Entre los, digamos, trece y dieciocho años, la banda de sonido de mi vida tuvo cuatro acordes. Fue algo que empezó no recuerdo muy bien cómo, aunque, ahora que lo pienso, un primo algo mayor tuvo bastante que ver: todavía hoy recuerdo estar escuchando en su casa un disco de bandas punk argentinas llamado Invasión 88 y cómo una tarde, en un descuido, cayó en mis manos el LP Pleasant Dreams, aquel disco casi pop de Los Ramones.
En la Buenos Aires de 1989 el compact disc era todavía ciencia ficción. Tampoco existía Internet y la enciclopedia no registraba palabras como globalización. Conseguir un casete de Los Ramones era una aventura que solía terminar, no siempre con éxito, en las galerías de la calle Lavalle. Lo que pasó más tarde es conocido: cuando ni siquiera imaginaba la posibilidad de verlos en vivo, el grupo comenzó una larga serie de recitales en la Argentina que construyó una masa de público fiel y cimentó el mito. Años después, por fortuna, mis gustos musicales se diversificaron. Pero sé que hay discos, como Road To Ruin, Rocket to Russia o la recopilación de Ramonesmanía, que podría seguir escuchando siempre.
Hay una película excpecional de 2003, llamada End of the Century, que retrata la vida interna del grupo aunque excede el interés de los iniciados. Allí se cuentan las historias menos conocidas de la banda que inventó el punk en Nueva York, allá por 1975: el trastorno obsesivo compulsivo de Joey, el cantante, que lo aquejó hasta su muerte a los 49 años. La importancia como productor y amenizador de conflictos de Tommy, el primer baterista. El abierto nacionalismo casi fascista de Johnny, guitarrista, líder y verdadero cerebro financiero del grupo. La prostitución adolescente de Dee Dee, el bajista, que terminaría viviendo sus últimos años en la Argentina. Y el golpe final: cuando Johnny le roba la novia a Joey, y la banda sigue tocando durante diecisiete años sin que el vocalista y el guitarrista vuelvan a dirigirse la palabra.
Durante un pasaje de la entrevista que los directores del documental le hicieron a Joe Strummer, líder de The Clash, Strummer dice a cámara: “Aprendimos mucho de Los Ramones. Y una de las cosas que aprendimos fue a no andar tonteando en el escenario. Porque un número de Los Ramones empezaba allí y, cuando terminaba, lo hacía allí. Los tipos no pasaban horas arrastrándose, arañándose, ese tipo de comportamientos que hoy están tan de moda en las bandas de rock, pero que me pregunto si son espontáneos o sólo nacen de la ineptitud”.

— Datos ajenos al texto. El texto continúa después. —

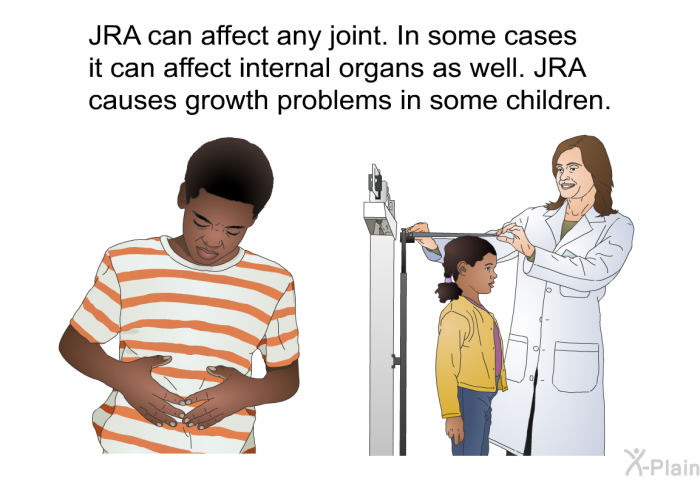 JRA can affect any joint. In some cases it can affect internal organs as well. JRA causes growth problems in some children.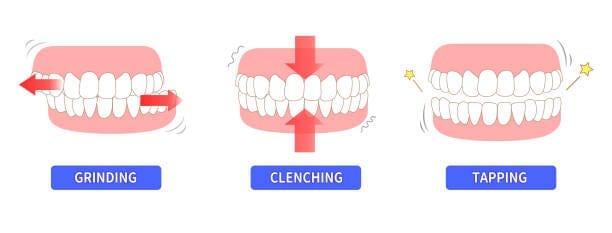 Understanding Bruxism: The Harmful Habit of Teeth Grinding and Clenching bruxism Understanding Bruxism: The Harmful Habit of Teeth Grinding and Clenching bruxism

No tontear, ni arrastrarse. Cuando a William Faulkner, uno de los novelistas más talentosos de todos los tiempos, le preguntaron cuál era el secreto de su trabajo, contestó: uno por ciento de inspiración, noventa y nueve de transpiración. Cuando aún era periodista, Ernest Hemingway escribió cierta vez una frase que distribuyó en cada escritorio de la redacción. Decía: “Escriba con frases cortas, no se haga el artista”. Hemingway se refería al ejercicio del periodismo, pero también a su literatura: ése es el método que transparentan sus mejores cuentos, los mismos con los que abriría la puerta a casi toda la literatura norteamericana de la segunda mitad del siglo XX. Sin aquel elogio de la simpleza –que es trabajo de orfebre, y tiene mucho de sabiduría– serían inconcebibles discos como los de Los Ramones, y libros como los de J.D. Salinger, Raymond Carver, Tobías Wolff o Richard Ford. Nada menos.